Par ordonnance de référé en date du 20 octobre 2022, l’exécution provisoire du jugement a été arrêtée, les demandes respectives des parties formulées au titre de l’article 700 du code de procédure civile étant rejetées et celles-ci conservant chacune la charge des dépens exposés.
Dans ses dernières conclusions déposées au greffe et notifiées par RPVA le 5 janvier 2023, la société Pharmacie du pont neuf demande à la cour de :
– débouter le CIC ainsi que la Selarl MMJ ès qualités de l’ensemble de leurs demandes ;
– infirmer et annuler le jugement ayant ordonné sa liquidation judiciaire en toutes ses dispositions ;
– ordonner son redressement judiciaire ;
– statuer ce que de droit sur les dépens ;
– condamner le CIC et la Selarl MMJ chacun au paiement d’une somme de 3 000 euros sur le fondement de l’article 700 du code de procédure civile et aux entiers dépens.

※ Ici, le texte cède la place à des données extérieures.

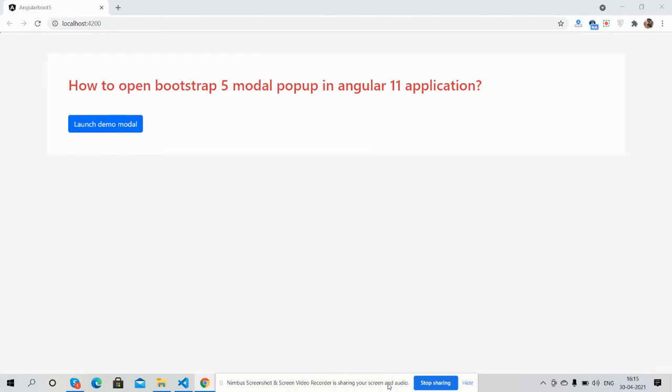Here we go. On my screen you can see Angular 11 is working fine. You can also see Bootstrap 5 styling this button with primary color, saying launch demo modal. Now I'm going to click on this button.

Le CIC, dans ses dernières conclusions déposées au greffe et notifiées par RPVA le 28 décembre 2022, demande à la cour de :
– débouter la Selarl pharmarcie du Pont Neuf de l’ensemble de ses demandes ;
– confirmer le jugement en toutes ses dispositions ;
Subsidiairement, dans l’hypothèse où la cour estimerait devoir en prononcer la nullité,
– ouvrir la liquididation judicaire de la société La Pharmacie du pont neuf avec toutes suites et conséquences de droit, désignant les organes de la procédure et fixant la date de cessation des paiements au 21 décembre 2021 ;
– condamner la société La Pharmacie du pont neuf à lui verser la somme de 3 000 euros sur le fondement de l’article 700 du code de procédure civile ;
– condamner la société La Pharmacie du pont neuf aux dépens.
La Selarl MMJ, ès qualités, dans ses dernières conclusions déposées au greffe et notifiées par RPVA le 27 décembre 2022, demande à la cour de :
– débouter la société Pharmacie du pont neuf de son appel, l’y disant mal fondée ;
En conséquence,
– confirmer purement et simplement le jugement ;
Subsidiairement, dans l’hypothèse où la cour estimerait devoir prononcer la nullité du jugement,
– ouvrir la liquidation judiciaire de la société Pharmacie du pont neuf avec toutes suites et conséquences de droit, désigner les organes de la procédure et fixer la date de cessation des paiements au 21 décembre 2021 ;
– condamner la société Pharmacie du pont neuf à lui verser sur le fondement de l’article 700 du code de procédure civile la somme de 2 000 euros qui sera employée en frais privilégiés de la liquidation ;
– condamner la société Pharmacie du pont neuf aux entiers dépens également employés en frais privilégiés de la liquidation.
Dans son avis notifié par RPVA le 12 décembre 2022, le ministère public demande à la cour de confirmer en tous points le jugement, sauf à ce que l’appelante, non comparante devant les premiers juges, démontre, par la production d’un compte prévisionnel de trésorerie sur quatre mois certifié par son expert-comptable, soit qu’un redressement judiciaire serait envisageable, soit qu’elle n’est pas en état de cessation de paiements au jour de 1’audience devant la cour, ce qui justifierait une décision de ‘n’y à lieu’.
A l’audience, le ministère public a indiqué s’en rapporter à la décision de la cour sur la demande d’annulation du jugement, tout en relevant que ce n’est pas parce que le tribunal n’a rien indiqué que l’information n’a pas été donnée au Conseil régional dès lors qu’un renvoi avait été ordonné pour l’aviser.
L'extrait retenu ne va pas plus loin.